Mr Paulson was also irked that Wall Street saw him as someone who would always ride to the rescue. And because Lehman's troubles have been known for a while, Mr Paulson felt the market had had time to prepare. Also, on Friday, federal officials monitoring talks to sell Lehman to Bank of America, which had started the day before, realized the big Charlotte NC bank would likely balk without federal backing. ...

Mr Paulson told the group it was in their interest to find a solution. "Everybody is exposed" to Lehman, Mr Paulson said ...
Why? Why would everyone do business with a firm that had financial statements that read like a black box? Nobody knew whether Lehman (and others) was fiscally stable for years. The same mentality that made home loans routinely to NINJA (no income, no job apparent) applicants also did business with anyone under the new philosophy of profit without considering risk; that the spread sheets need not be honest.
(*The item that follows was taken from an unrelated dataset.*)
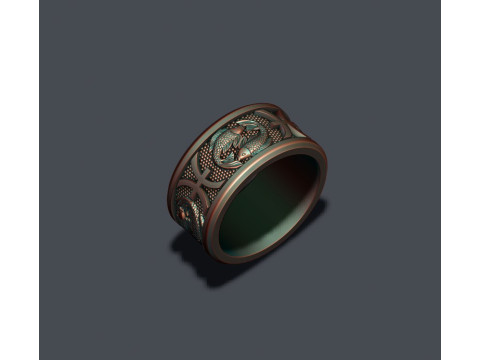 Zodiac pisces fish ring lite 3D print model 3D Print Model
GM is worth $5billion. AIG (whose accounting has been speculated a black hole for maybe 5 years) attempted to raise capital through private sources. AIG could not. Nobody could trust AIG's financial reports. Despite the public outcry against corporate socialism and Paulson's warning, last weekend, AIG went begging to the government for $40billion. When will it end? When corporate executive start being removed in mass number for being so incompetent.

Merrill Lynch's CEO Stanley O'Neal was warned by his senior VP that O'Neal had created a massive subprime loan problem. Instead, the VP was fired. One year later, those financial myths became a threat to Merrill's existence almost 100 year existence. O'Neal was fired (with $hundreds of millions in bonuses). New CEO John Thain is credited with doing so much so quickly to save enough of Merrill as to make Merrill a useful purchase for Bank of America. By replacing the only problem in Merrill (Stanley O'Neal) with a responsible CEO, then Merrill Lynch account holders are not stuck in the mess that Lehman Bros clients are now suffering. Just another example of what had to be removed to fix the problem - top management.

Meanwhile, those who are the problem have finally heard the word. They, not the government, must fix the problem. In many cases, that means the CEO must be removed by overt threats of bankruptcy. Otherwise the employees lose their jobs. Merrill is a perfect example of what must be done to save those jobs and customer investments. Lehman and AIG are perfect examples of how ignorant and myopic CEOs are.

How did we save NYC? The New York Post said it on the front page. Ford to NY - drop dead. That is the only way to get the attention of narcissist and corrupt people.